Segunda-feira, 2 de Setembro de 2013

Momentos do futuro livro "Os três mafarricos - Noite escura, Meia de Leite e Branquelas".

"Respiração normalizada, do coração já não se ouvia o ribombar das batidas, mais calmos e descansados, estava na altura de se porem a andar, saírem daquela margem e embrenharem-se chana dentro. Ainda tinham muito que andar para alcançar a aldeia que era o ponto de encontro assinalado para o reencontro de todos os que haviam participado no ataque à vila.

Não se esperava que todos convergissem para o ponto de partida de forma organizada e ordeira, isto não era uma força de um exército normal, daqueles que acima de tudo, põem a ordem e os standards de organização como essenciais ao seu funcionamento, isto era um grupo de guerrilheiros. Talvez se possa dizer e diz-se com alguma certeza, que não era um grupo normal, tinha sido aumentado pelo enorme número de homens que a ele se juntou, transformando-o num temível grupo de guerrilha.

O problema é que só se juntaram para este fim, para o assalto à vila que queriam fosse monumental e um exemplo de que a sua força não estava diminuída, como o afirmava a propaganda oficial. Queriam demonstrar que estavam vivos e actuantes e que até conseguiam dominar as tropas, enquadradas e organizadas no terreno. Falharam é certo, mas o susto foi grande e obrigou a uma envolvente militar bastante mais alargada para lhes fazer frente.

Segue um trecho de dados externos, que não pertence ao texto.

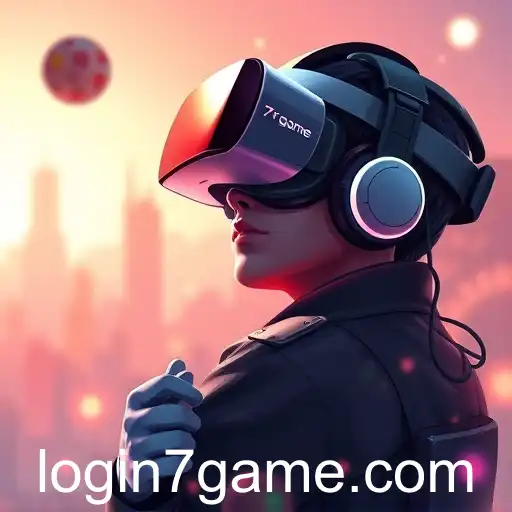 The Rise of English Game Websites in 2025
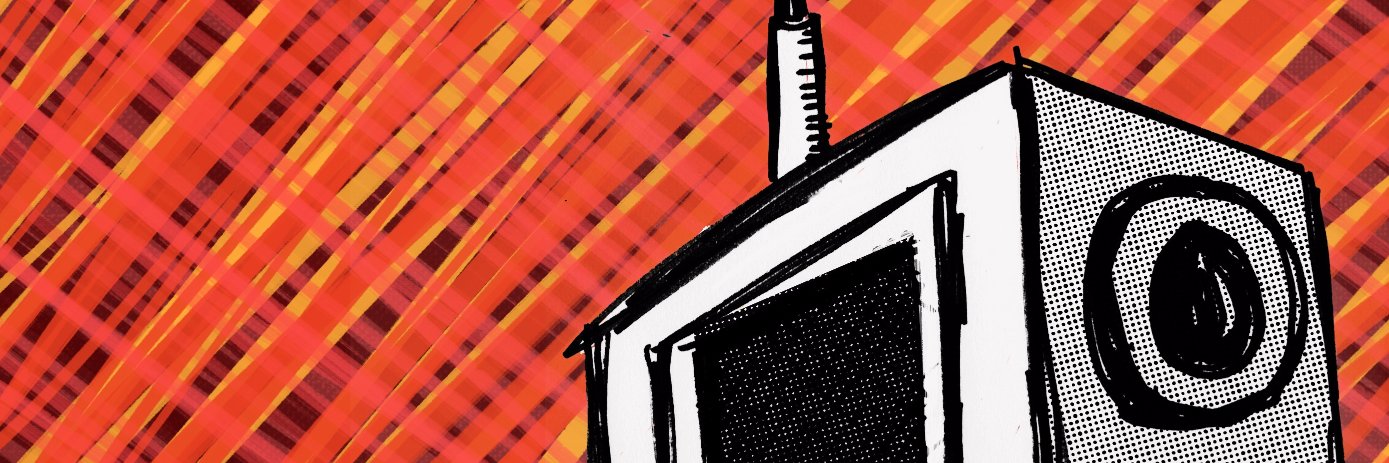 rgurusinghe's profile banner image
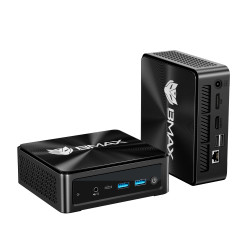 Bmax MaxMini PC
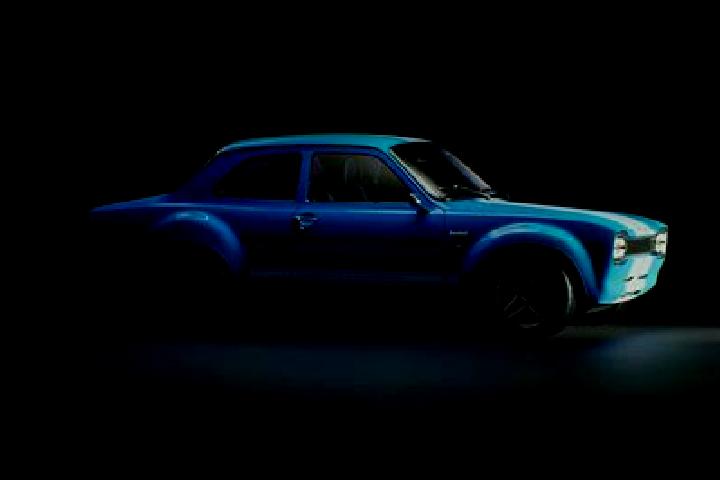 escort Aspatria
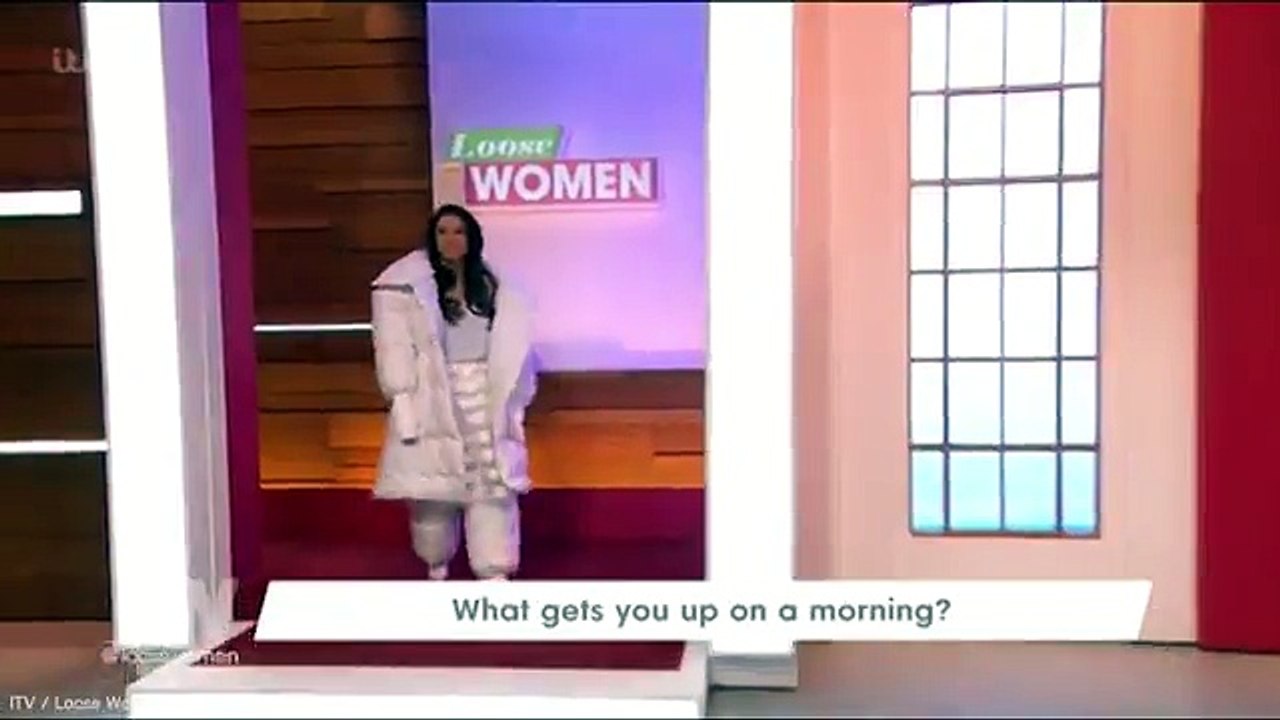 Vicky Pattison warns TOWIE could become 'Megan...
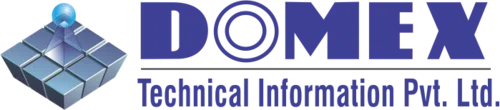 Domex Technical Information Private Limited logo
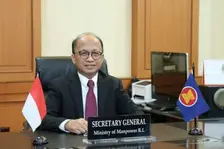 Terima Aduan Lewat Daring, Posko THR Tetap Buka Meski Libur Lebaran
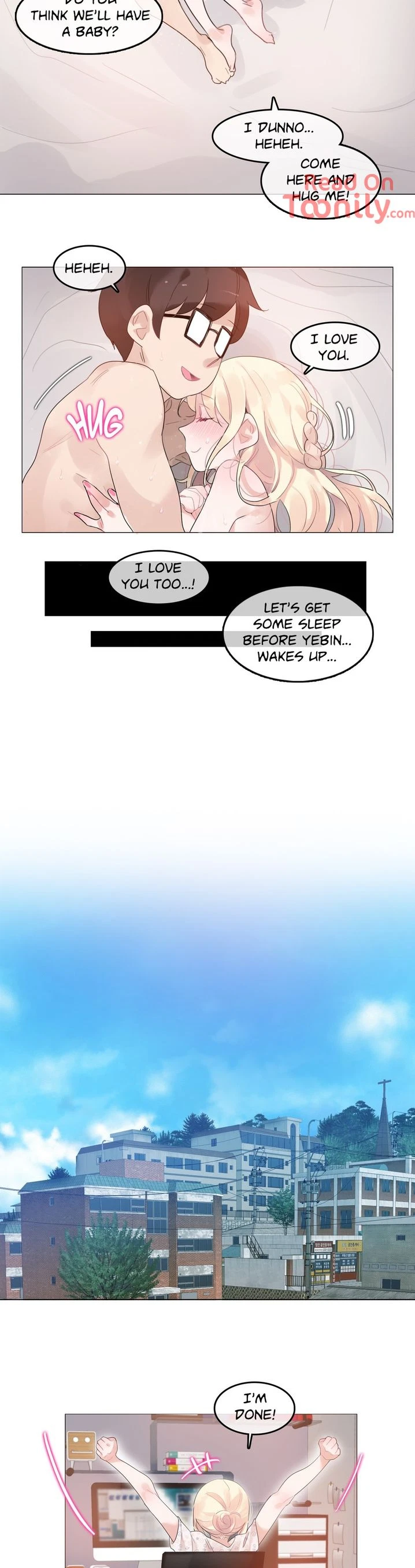 Chapter 71, page 16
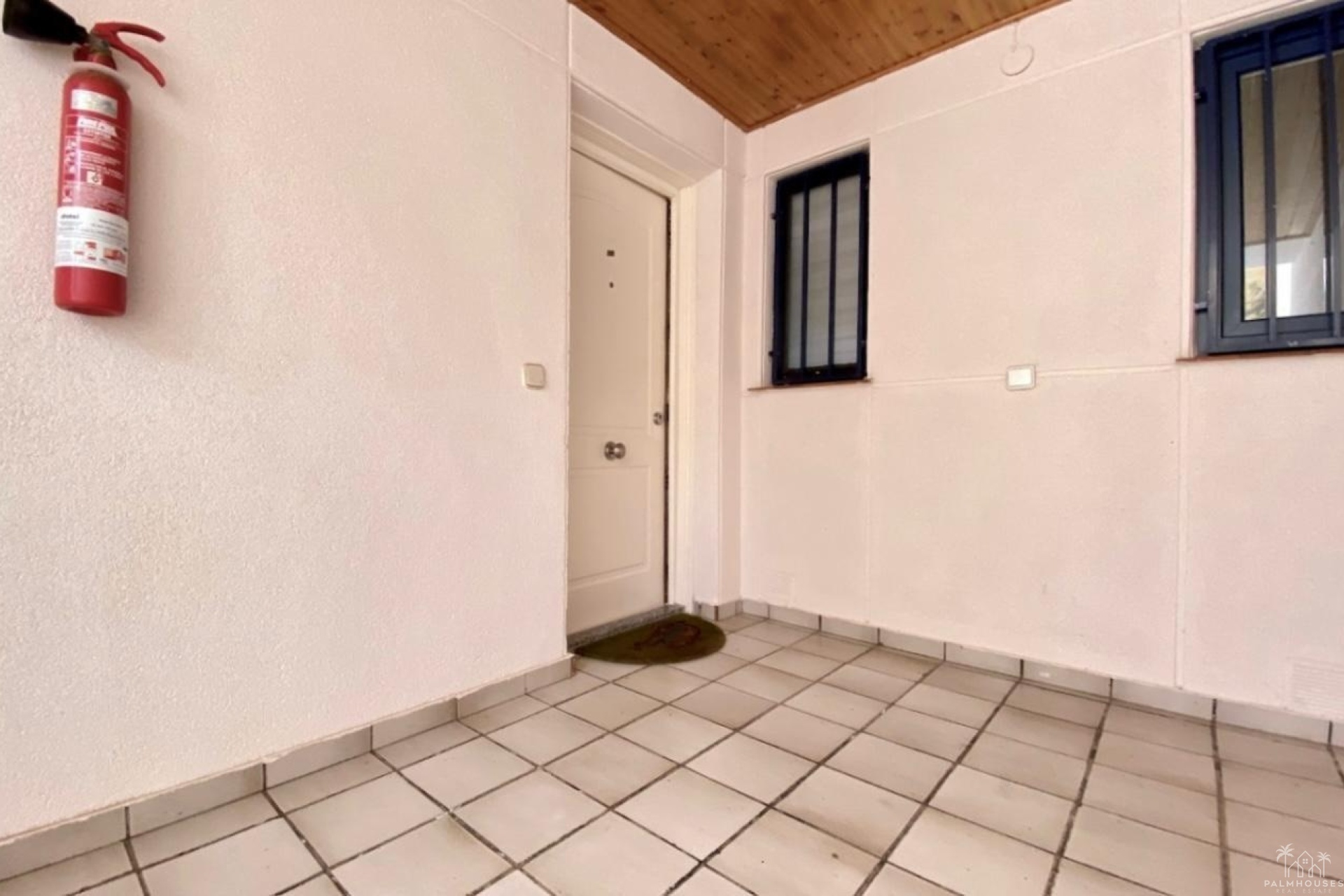Venta - Apartment - Torrevieja - Torre La Mata
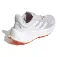 adidas Terrex Soulstride Ultra trail running shoes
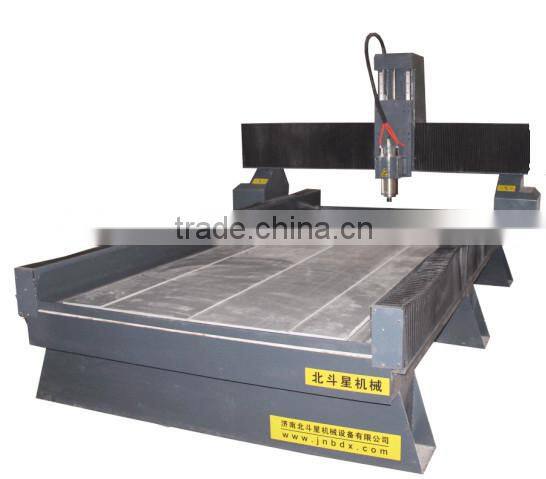 Heavy Duty BDXS-1325 marble cutting machine price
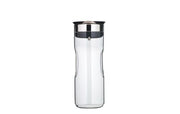 WMF 06.5104.6040 karaff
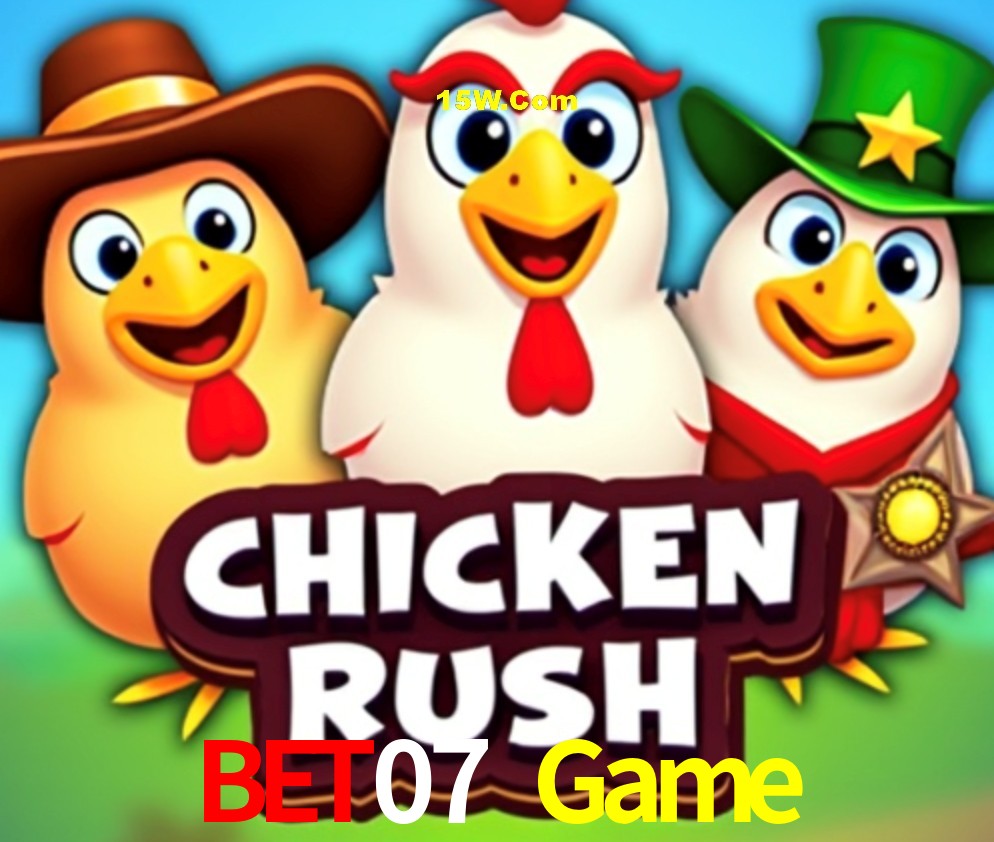 Estratégias Crash Games Bet07 Game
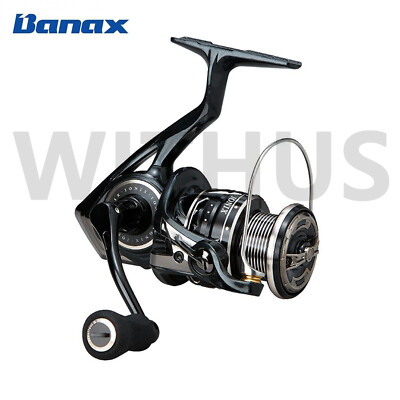 best midwest fishing lures Best Vertical Lures for Winter Bass Fishing in the Midwest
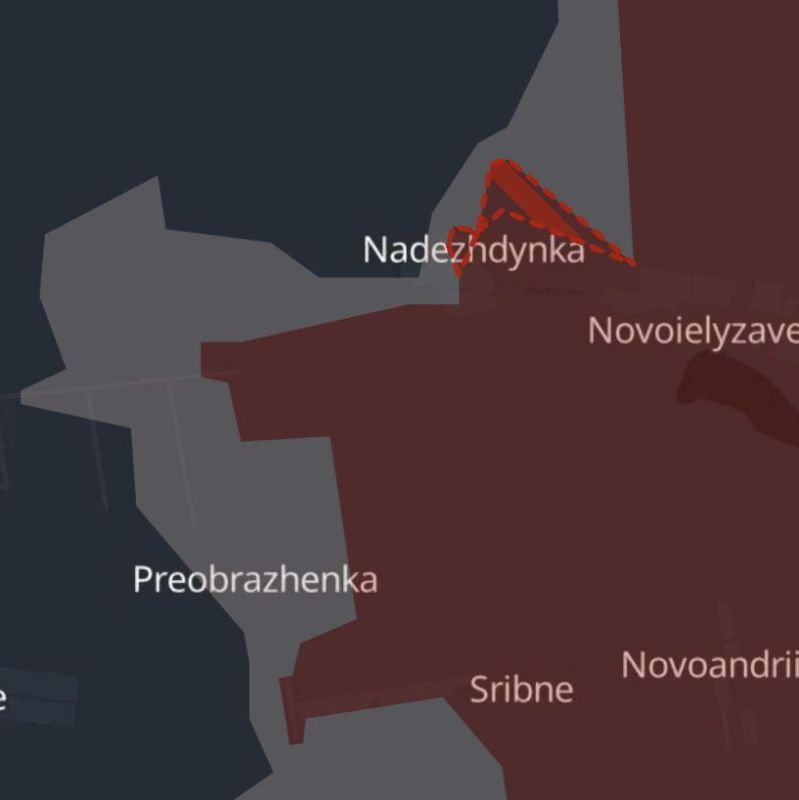 ���� ��������: ���������� �� ������ ������� ����������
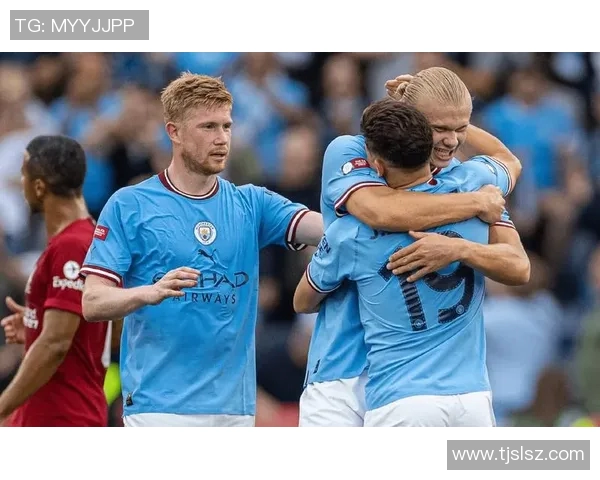 曼城那些你不知道的秘密与冷知识 揭开足球巨头背后的神秘面纱 曼城那些你不知道的秘密与冷知识 揭开足球巨头背后的神秘面纱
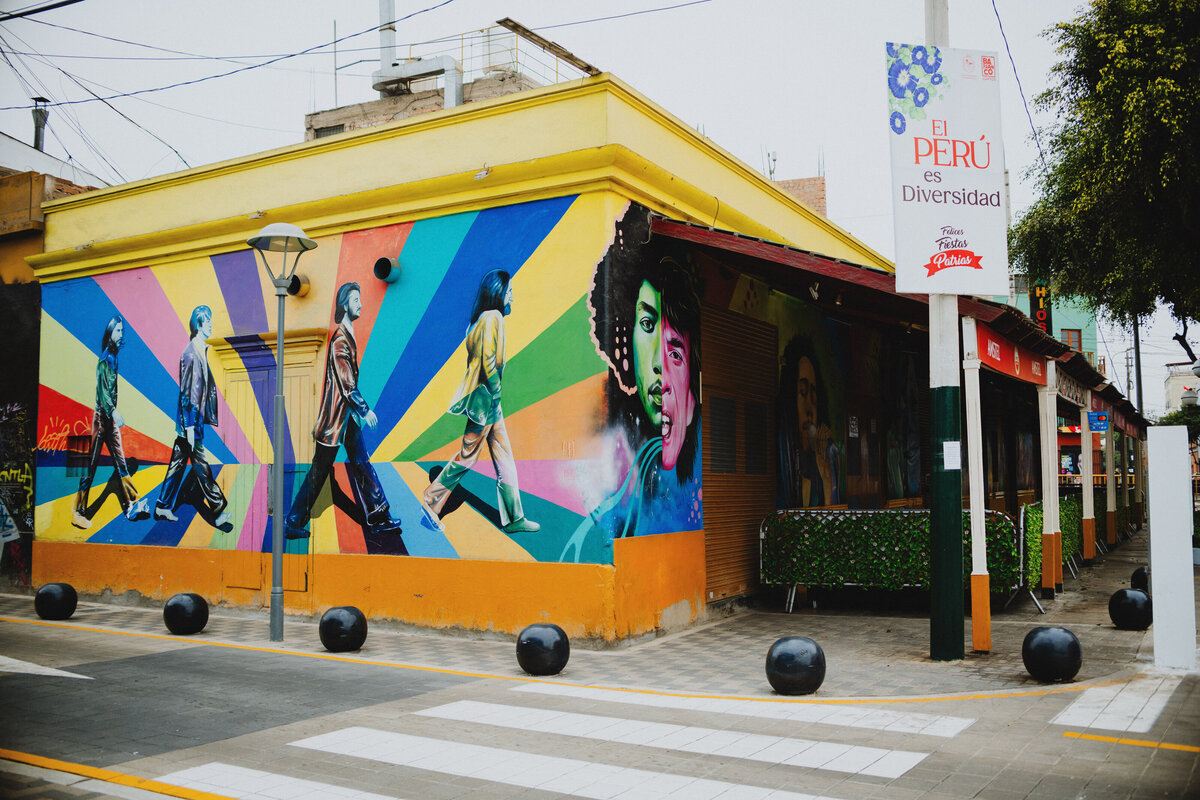 220802_Peru_19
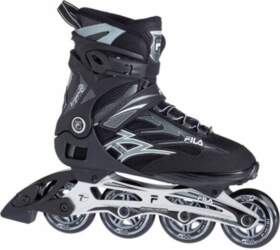 Argon 84 BlackGrey 48 (010621210)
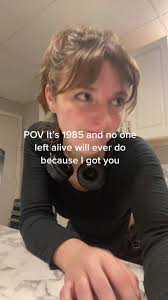 Dance Break with Paul McCartney and The Beatles in 1985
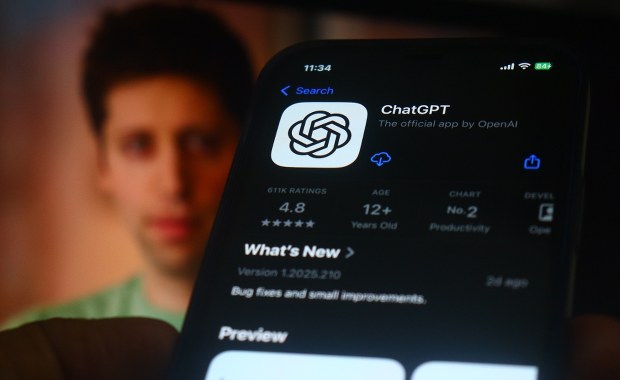 ChatGPT miał doradzać nastolatkowi, jak odebrać sobie życie. Rodzice pozywają OpenAI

Já não se tratava só de lhes fazer frente, estava em causa uma credibilidade que o exército oficial não ia deixar passar em claro, ia rechaçá-los, persegui-los e aniquilá-los ou aprisioná-los para demonstrar, também ele, que era senhor dos territórios à sua responsabilidade. Era o que agora acontecia, tinha corrido com eles da vila, já de si com enormes perdas, em termos de vidas e em prisioneiros, estava a empurrá-los para o local onde, pela emboscada dos fusos seriam mais facilmente capturados, e já tinha em marcha a perseguição que lhes moveria.

Os homens destinados à perseguição que se seguiria ao fracasso do ataque à vila já estavam posicionados no terreno e a alargar a sua área de acção, preparados para só pararem quando nada mais houvesse que reprimir. A ordem era a captura, preferencialmente, e a destruição de todas as bases encontradas. Quando falamos de bases, não se pense que eram aquartelamentos como o da tropa, organizados, defendidos, abastecidos, não, nada disso, falamos de simples aldeias onde, com algum sentido de organização, é certo, mas depauperados de tudo o resto, se concentravam estes homens.

Homens que dedicavam a sua vida a esta causa, à causa da guerrilha, à causa da libertação de um país que consideravam o seu país, usurpado e explorado por outros. Aglomeravam-se nessas pequenas aldeias no meio da selva a que chamavam as suas bases, normalmente junto às fronteiras, daí partiam para as incursões que planeavam, açoitavam as tropas, as colunas militares e civis e destruíam o que podiam para afugentar quem se atreve-se a lá ficar."